▶ _Directions for this task_
Would you retype exactly the lines from the one containing "DeWalt Brand New" through the last line of the records below, and nothing else?

Items from a data source:
===============

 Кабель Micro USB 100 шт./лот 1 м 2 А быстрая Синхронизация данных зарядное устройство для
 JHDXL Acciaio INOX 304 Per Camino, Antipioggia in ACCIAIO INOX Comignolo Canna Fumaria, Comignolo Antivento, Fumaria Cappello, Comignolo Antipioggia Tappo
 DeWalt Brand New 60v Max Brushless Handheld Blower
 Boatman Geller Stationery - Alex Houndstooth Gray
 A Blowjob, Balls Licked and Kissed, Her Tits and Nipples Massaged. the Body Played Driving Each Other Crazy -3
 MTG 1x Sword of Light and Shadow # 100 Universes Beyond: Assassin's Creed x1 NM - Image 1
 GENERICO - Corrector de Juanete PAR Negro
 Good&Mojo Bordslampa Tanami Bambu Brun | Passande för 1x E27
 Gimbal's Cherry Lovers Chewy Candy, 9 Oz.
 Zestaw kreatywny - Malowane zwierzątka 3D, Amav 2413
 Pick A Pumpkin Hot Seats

===============

▶ _Solution to the exercise_
 DeWalt Brand New 60v Max Brushless Handheld Blower
 Boatman Geller Stationery - Alex Houndstooth Gray
 A Blowjob, Balls Licked and Kissed, Her Tits and Nipples Massaged. the Body Played Driving Each Other Crazy -3
 MTG 1x Sword of Light and Shadow # 100 Universes Beyond: Assassin's Creed x1 NM - Image 1
 GENERICO - Corrector de Juanete PAR Negro
 Good&Mojo Bordslampa Tanami Bambu Brun | Passande för 1x E27
 Gimbal's Cherry Lovers Chewy Candy, 9 Oz.
 Zestaw kreatywny - Malowane zwierzątka 3D, Amav 2413
 Pick A Pumpkin Hot Seats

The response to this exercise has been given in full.